▶ **EXERCISE AIM**: Your answer should be the lines from the one with "罗福梗饲养全攻略（养只健康、快乐的罗福梗，教你如何养护它）" to the end of the data below, both included, exact and free of pictures.

--- SUPPLIED INFORMATION ---

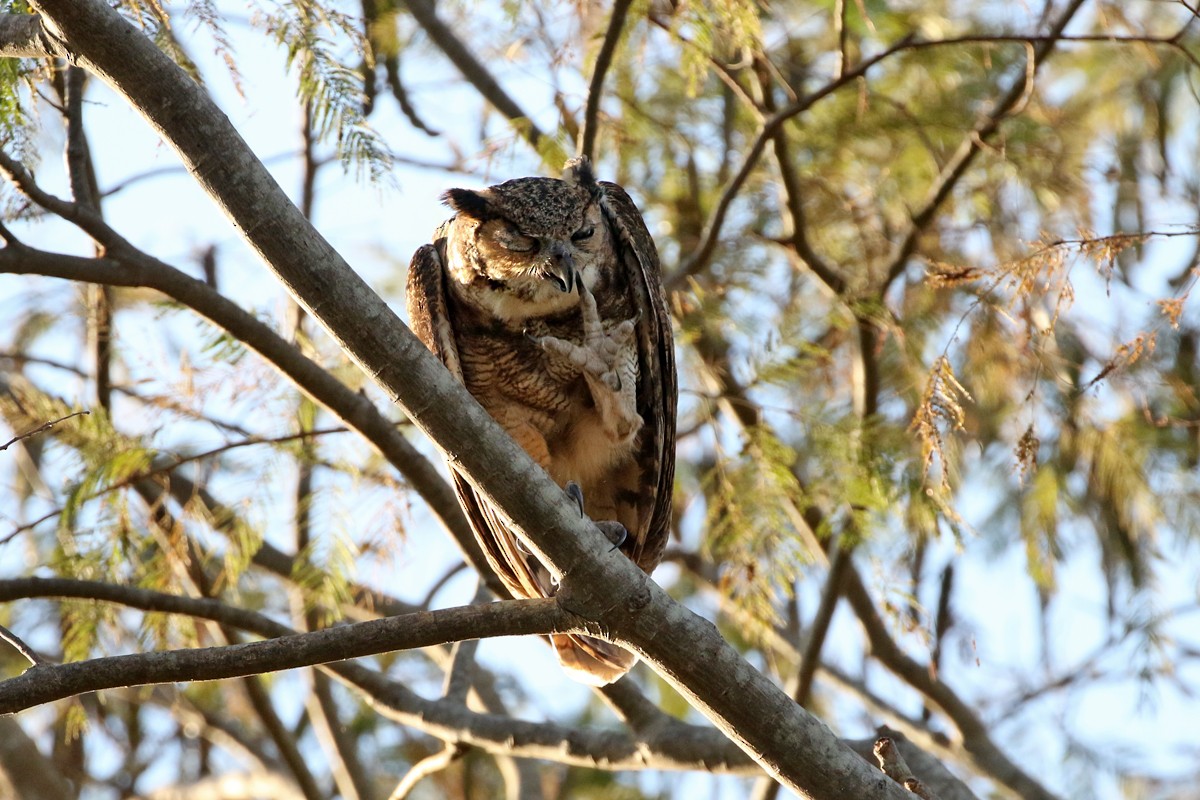 Great Horned Owl - ML64724521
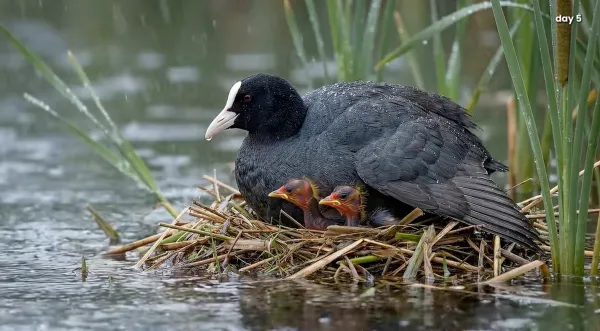 coot-008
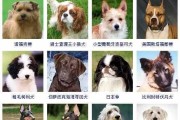 罗福梗饲养全攻略（养只健康、快乐的罗福梗，教你如何养护它）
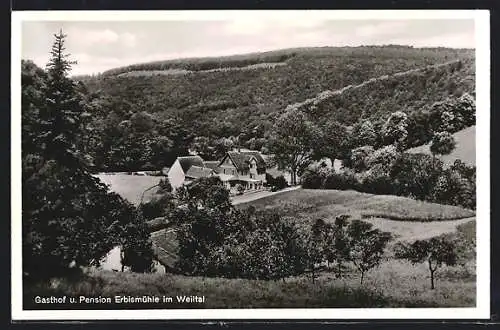 AK Neuweilnau i. T., Gaststätte-Pension Erbismühle R. Schneider aus der Vogelschau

---

▶ **ANSWER BOX**:
 罗福梗饲养全攻略（养只健康、快乐的罗福梗，教你如何养护它）
 AK Neuweilnau i. T., Gaststätte-Pension Erbismühle R. Schneider aus der Vogelschau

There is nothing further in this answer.